Cara menemukan penyembuhan di Demon Farm - MTL - Chapter 221
Bab 221
Waktu sarapan di peternakan.
Sekilas tampak seperti biasanya, tetapi entah mengapa, suasananya terasa canggung.
Di tengah-tengahnya ada Andras dan Amy.
Dengan akting mereka yang buruk, sekali lagi Alfred dan Lia menyuruh keduanya duduk bersebelahan.
Berbeda dengan sebelumnya, gerakan keduanya menjadi sangat tidak wajar.
Andras jarang berbicara dan memasukkan makanan ke mulutnya dengan gerakan seperti robot.
Keduanya menyadari keberadaan satu sama lain, namun mereka kesulitan untuk berbicara satu sama lain.
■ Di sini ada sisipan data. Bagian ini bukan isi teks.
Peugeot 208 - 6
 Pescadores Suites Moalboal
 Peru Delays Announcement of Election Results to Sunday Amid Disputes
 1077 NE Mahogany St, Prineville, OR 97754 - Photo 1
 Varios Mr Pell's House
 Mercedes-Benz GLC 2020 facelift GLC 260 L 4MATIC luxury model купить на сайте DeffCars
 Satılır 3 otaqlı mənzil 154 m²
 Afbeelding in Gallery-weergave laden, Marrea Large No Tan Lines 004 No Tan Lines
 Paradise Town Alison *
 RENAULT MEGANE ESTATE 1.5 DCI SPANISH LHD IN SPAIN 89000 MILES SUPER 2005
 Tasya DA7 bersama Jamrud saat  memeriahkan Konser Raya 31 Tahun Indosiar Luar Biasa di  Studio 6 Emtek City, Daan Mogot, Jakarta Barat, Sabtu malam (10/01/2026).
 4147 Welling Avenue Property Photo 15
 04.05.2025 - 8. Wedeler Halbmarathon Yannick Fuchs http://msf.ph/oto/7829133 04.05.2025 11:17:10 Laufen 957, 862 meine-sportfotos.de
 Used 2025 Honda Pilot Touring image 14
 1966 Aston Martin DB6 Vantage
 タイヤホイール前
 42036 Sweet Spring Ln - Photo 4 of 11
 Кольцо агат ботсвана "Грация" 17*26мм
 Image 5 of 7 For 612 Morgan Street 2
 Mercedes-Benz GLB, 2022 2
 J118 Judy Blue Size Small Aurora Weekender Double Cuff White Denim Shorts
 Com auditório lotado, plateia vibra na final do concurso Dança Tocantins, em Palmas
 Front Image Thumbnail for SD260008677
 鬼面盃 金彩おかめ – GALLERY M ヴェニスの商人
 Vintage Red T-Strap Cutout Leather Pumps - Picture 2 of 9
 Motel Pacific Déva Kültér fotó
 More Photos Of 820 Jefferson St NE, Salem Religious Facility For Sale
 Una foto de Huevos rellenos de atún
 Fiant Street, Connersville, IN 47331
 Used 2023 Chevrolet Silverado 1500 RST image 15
Suasananya seperti di mana sesuatu bisa terjadi kapan saja.
Alfred tetap tenang, sesekali melirik keduanya, sama seperti saya, tetapi Lia, seorang pendukung yang antusias, tampak cemas melihat sikap mereka yang lesu.
Tatapannya membuatku sedikit mengangkat bahu.
Saya memahami kekhawatirannya, tetapi tidak ada yang bisa kami lakukan sekarang.
Saya hanya mengurus makanan anak-anak sambil menunggu hasil yang baik.
Di saat berbagai pemikiran kompleks dan perasaan halus masing-masing orang bercampur aduk di atas meja, sebuah variabel tak terduga muncul.
“Um, ada yang salah hari ini”
MENGERNYIT!
MENGERNYIT!
Bukan hanya Andras dan Amy, tetapi Alfred dan Lia juga gemetar mendengar suara Kaneff yang penuh keraguan.
Sebelum sesuatu yang aneh terjadi, saya mencoba melakukan pengendalian kerusakan dengan berbicara kepada Kaneff.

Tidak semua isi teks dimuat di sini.